Tsushima, une île pleine de secrets
Tsushima regorge de lieux à découvrir. Temples, autels, spots de méditation et compositions de haïkus… ils sont nombreux et ont très souvent quelque chose à vous offrir : cosmétiques, charmes majeurs et mineurs, revêtements pour vos armes et autres. Des sources d’eaux chaudes et des stands d’entrainement à la coupe de bambou sont eux-aussi disséminés à travers l’île. Ces derniers accroîtront respectivement votre jauge de santé ainsi que votre détermination. Cette dernière vous permettant de régénérer votre santé ou bien encore d’effectuer des coups spéciaux, elle est donc à ne pas négliger. Vous trouvez également des aires de duels où de valeureux guerriers vous y attendront.
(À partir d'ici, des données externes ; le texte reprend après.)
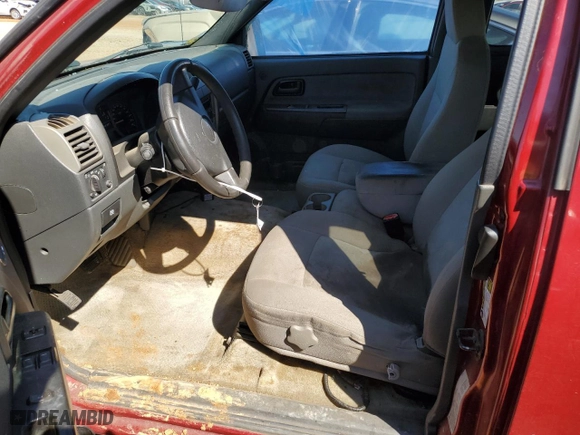 2005 Chevrolet Colorado LS Z85 with VIN 1GCCS196758217722, listed as a Copart auction lot 49517165 with 273,763 mi miles and Salvage Title. Bid and sale history available at carsss.com. Image 7.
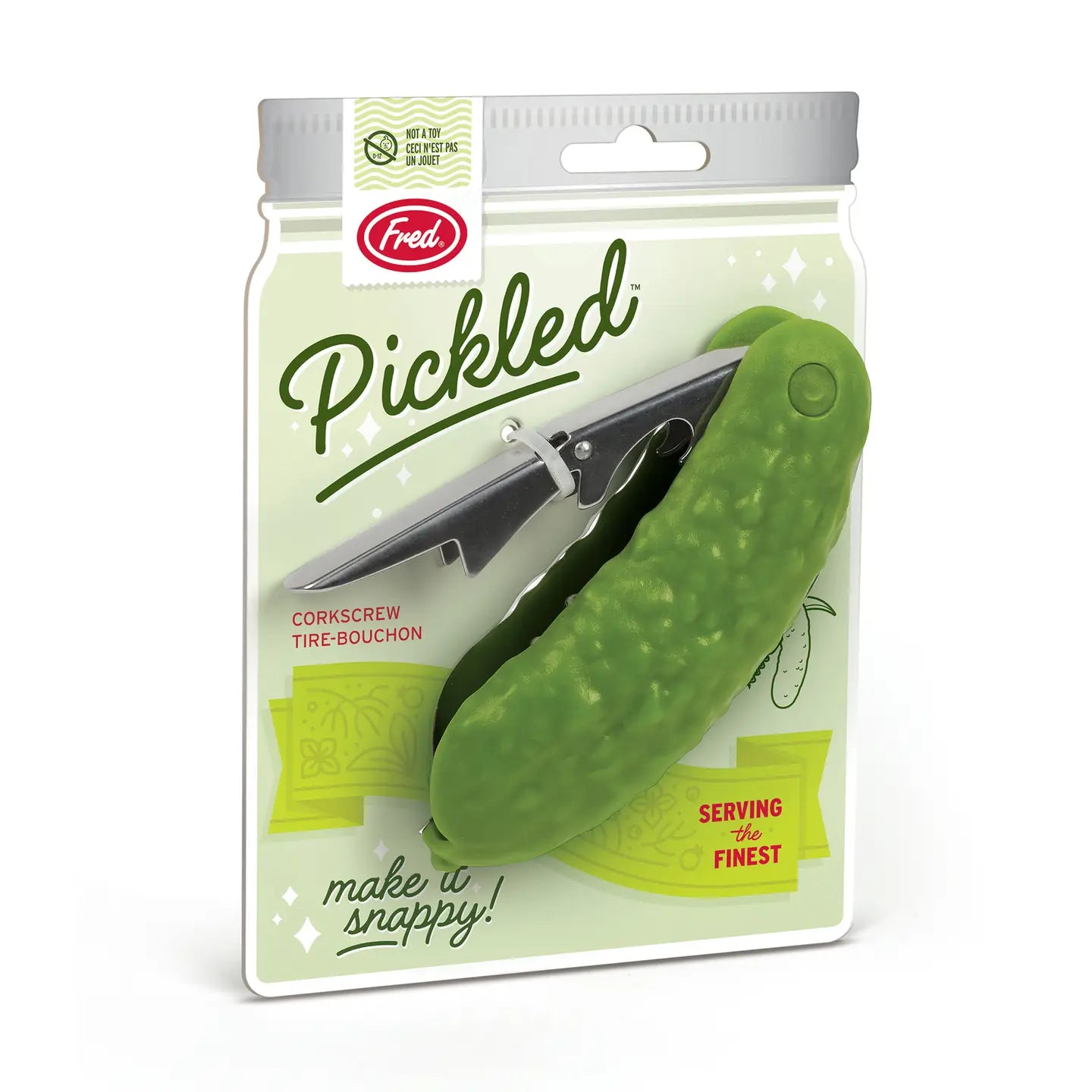 Pickle Corkscrew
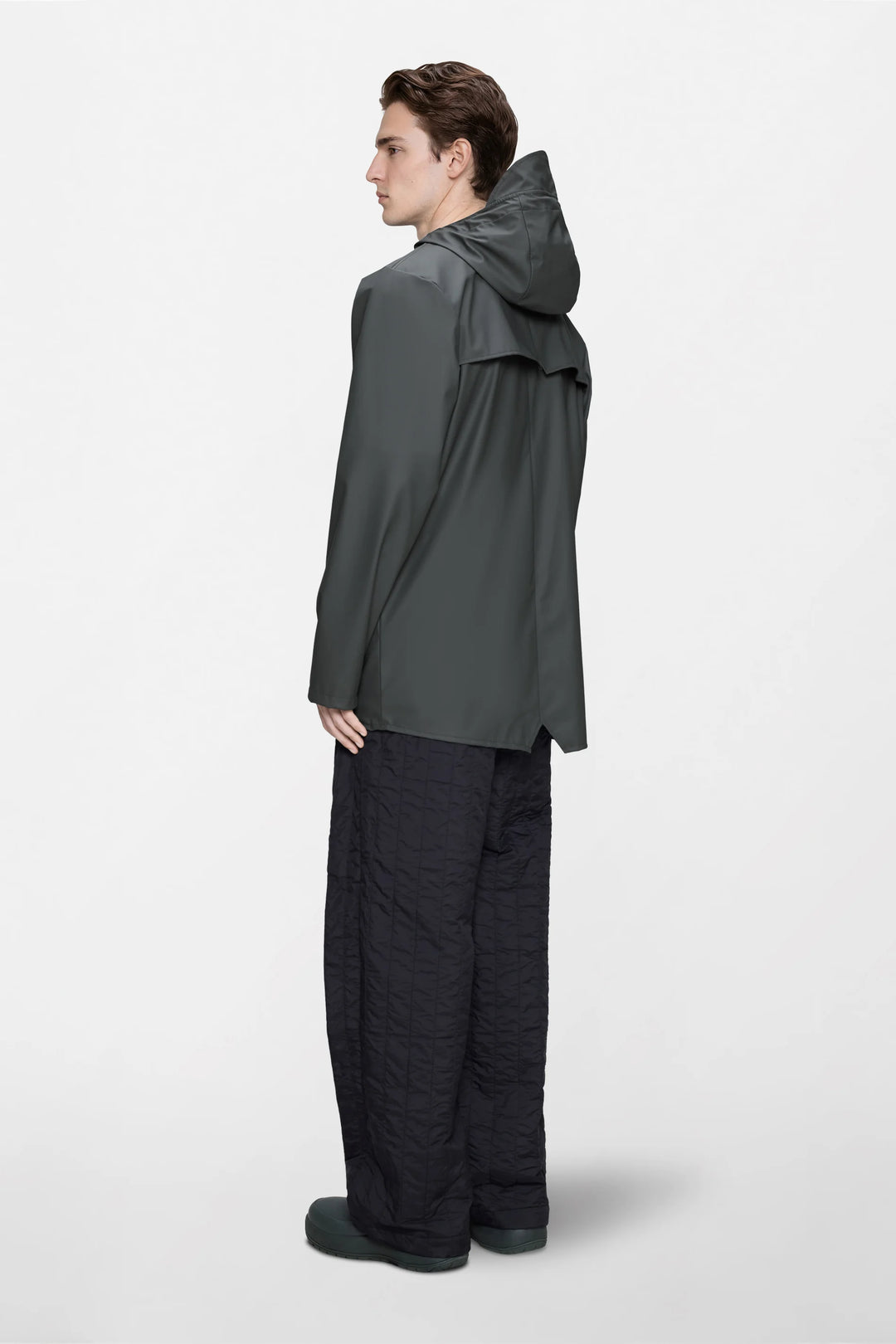 Rains Jacket Dark Grey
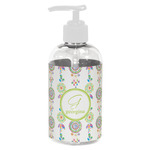 Dreamcatcher Plastic Soap / Lotion Dispenser (8 oz - Small - White) (Personalized)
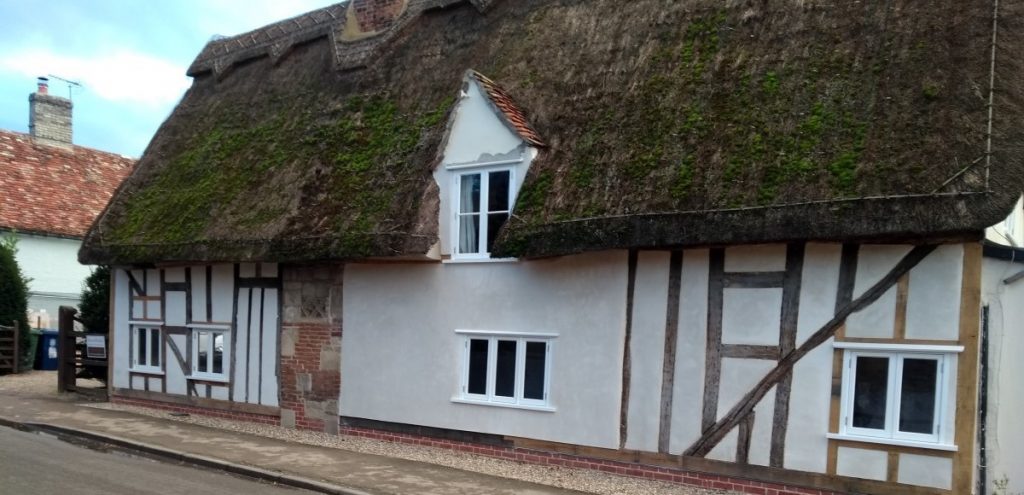 Restoration of Great Abington Cottage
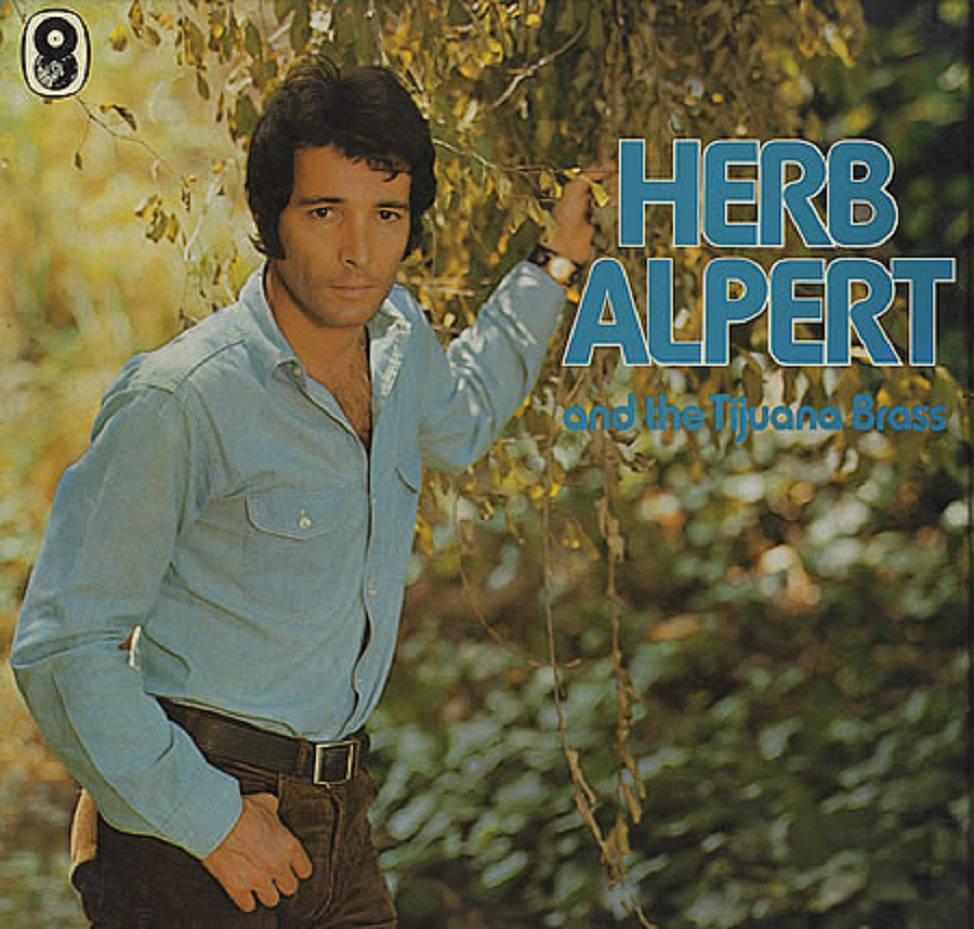 Herb Alpert, The Tijuana Brass, light blue shirt, SD Desktop Wallpaper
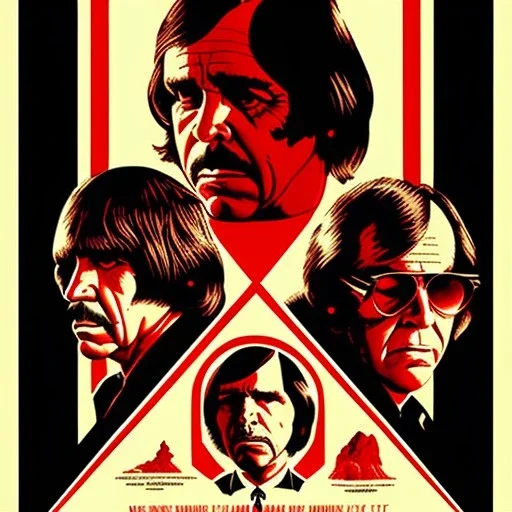 movie poster, "no country for old men", jack nicholson in the lead role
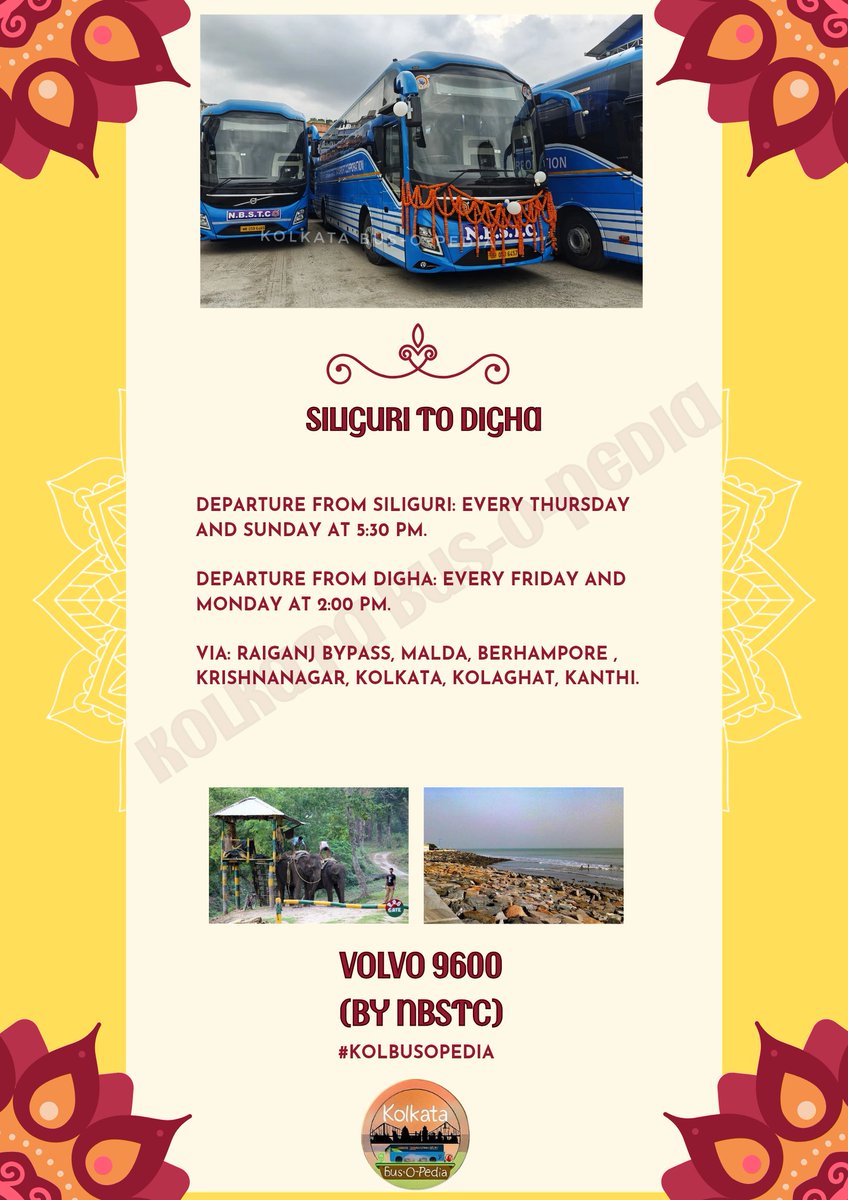 Kolkata Bus-O-Pedia tweet media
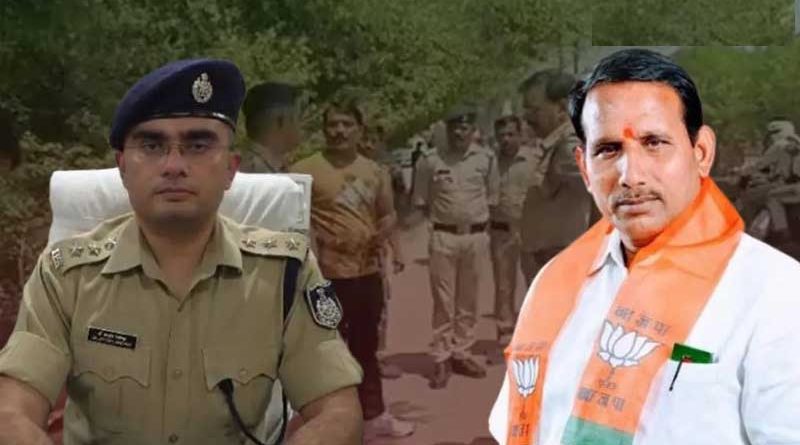 धमकी-BJP विधायक प्रीतम लोधी बोले-SDOP करैरा तेरे डैडी का नहीं है, औकात में रहें, बेटा आयेगा और चुनाव भी लड़ेगा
En plus de sa trame principale, Ghost of Tsushima compte plusieurs légendes qui vous seront contées par les musiciens de l’île. Ces missions sont de véritables jeux de pistes au bout desquels vous attendront un duel et une récompense alléchante allant du set d’armure à l’acquisition d’une nouvelle technique dévastatrice. Sans surprise, Tsushima contient plusieurs villages dans lesquels Jin pourra s’adresser à divers artisans pour améliorer son équipement, faire le plein en consommables ou bien accepter les diverses requêtes des habitants sous forme de quêtes annexes. Enfin, le très en vogue Mode Photo vous permettra d’immortaliser vos meilleurs moments. Relativement complet, il y a de quoi réaliser de très beaux visuels si vous avez l’âme artistique un tantinet. Il n’est pas à cacher que Ghost of Tsushima fourmille de panoramas somptueux et propices à de magnifiques screenshots.
Verdict : 7/10
Entre son framerate capricieux sur PS4 classique, ses animations d’un autre temps, sa caméra laborieuse lors des combats ou encore ses quelques lourdeurs de gameplay, Ghost of Tsushima est une expérience entachée de trop de petits défauts pour se hisser comme le GOTY de cette année 2020. Néanmoins, le storytelling et la beauté des environnements sauvent la mise au titre sans compter son lot de petits à côté. Le gameplay peut sembler insipide les premières heures de jeu mais s’améliore au fur et à mesure de votre progression avec l’acquisition de nouveaux objets et atouts. Les aficionados du Japon et des récits de l’époque féodale devront trouver en Ghost of Tsushima leur bonheur. Pour ceux encore indécis, attendez peut-être une éventuelle baisse de prix avant de sauter à pieds joints dans cette aventure pour le moins appréciable, sans être transcendante, qui vous tiendra en haleine une dizaine d’heures.